* WHAT IS BEING ASKED: Please copy the lines below, exactly as they are, from the one with "Introduction to Backtracking" through the one with "女装批发app排行榜,女装批发app排行榜前十名", and leave out the pictures.

* RAW DATA:
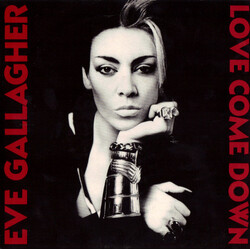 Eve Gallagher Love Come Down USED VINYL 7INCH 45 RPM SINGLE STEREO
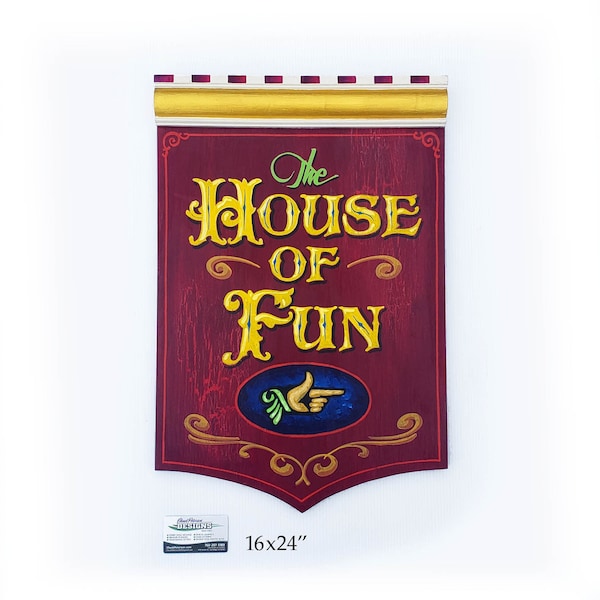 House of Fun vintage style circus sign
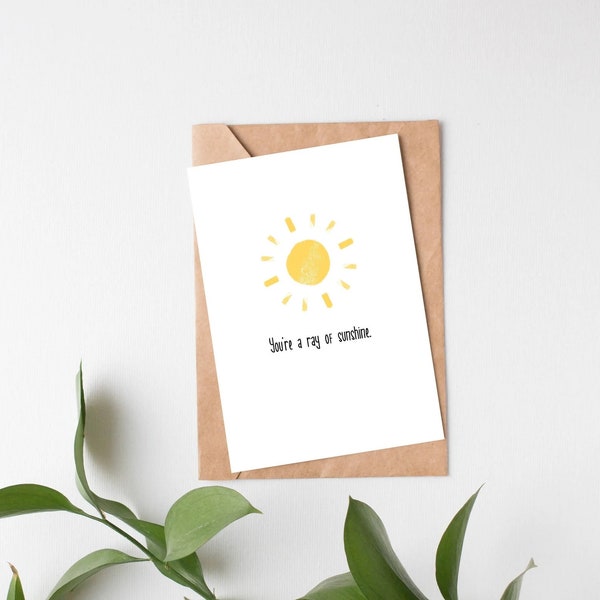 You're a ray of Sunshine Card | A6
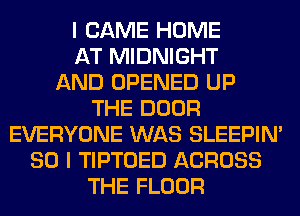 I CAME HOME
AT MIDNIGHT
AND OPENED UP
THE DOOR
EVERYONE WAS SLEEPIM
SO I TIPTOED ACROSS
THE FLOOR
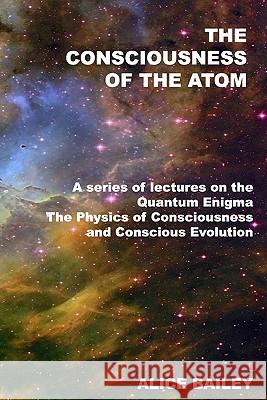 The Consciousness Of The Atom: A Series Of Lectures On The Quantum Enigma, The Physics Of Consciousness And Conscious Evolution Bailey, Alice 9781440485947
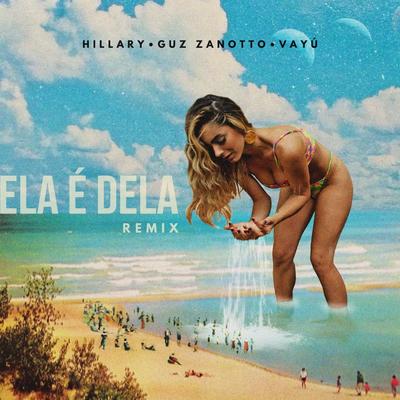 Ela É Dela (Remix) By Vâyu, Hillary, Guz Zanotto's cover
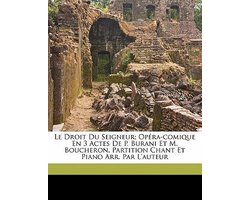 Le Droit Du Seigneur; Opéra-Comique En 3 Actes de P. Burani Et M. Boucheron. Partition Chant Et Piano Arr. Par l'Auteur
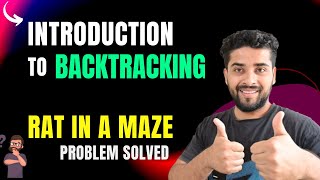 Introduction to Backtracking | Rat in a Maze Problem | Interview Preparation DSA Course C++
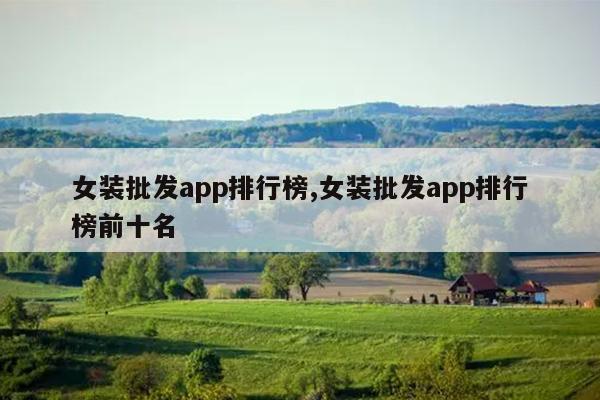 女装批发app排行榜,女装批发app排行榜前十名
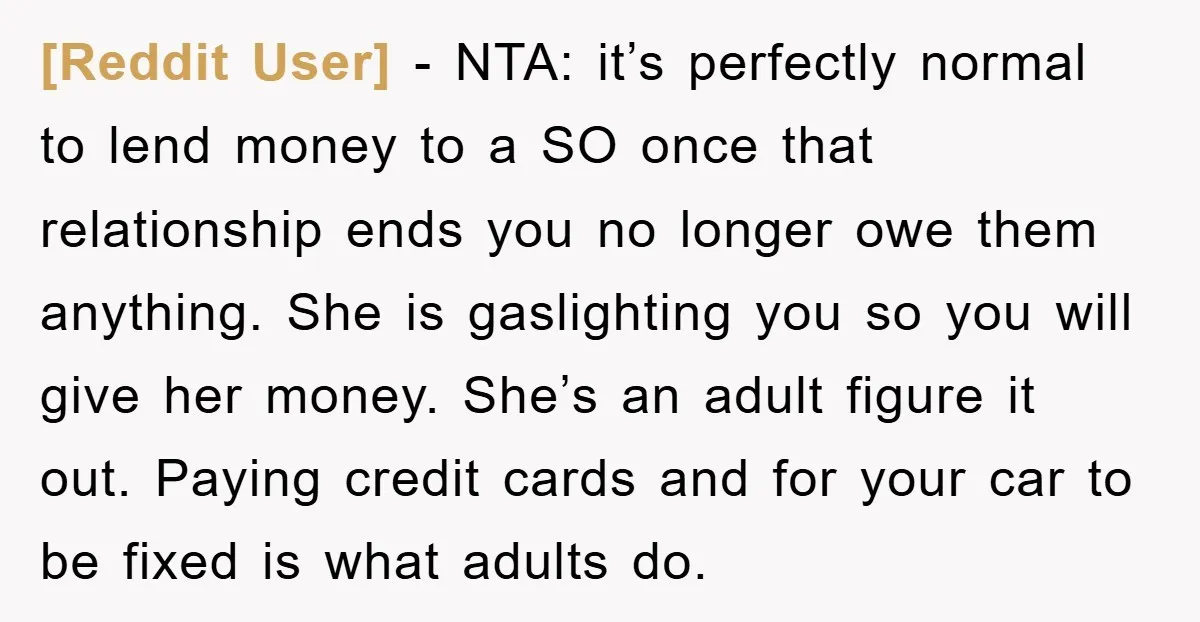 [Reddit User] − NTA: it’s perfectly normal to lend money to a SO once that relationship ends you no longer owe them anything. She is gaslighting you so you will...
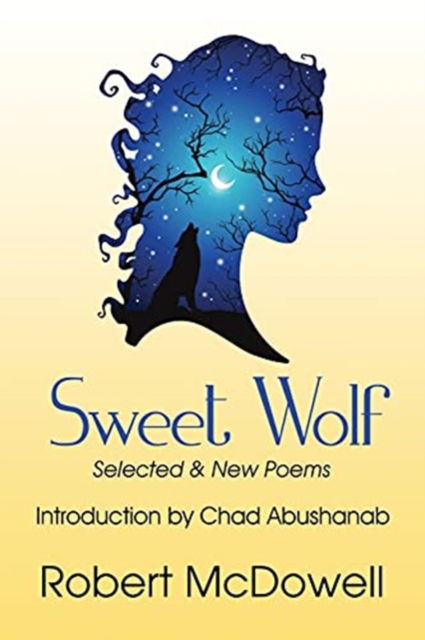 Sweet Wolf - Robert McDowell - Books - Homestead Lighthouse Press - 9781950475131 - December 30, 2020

* EXERCISE ANSWER:
 Introduction to Backtracking | Rat in a Maze Problem | Interview Preparation DSA Course C++
 女装批发app排行榜,女装批发app排行榜前十名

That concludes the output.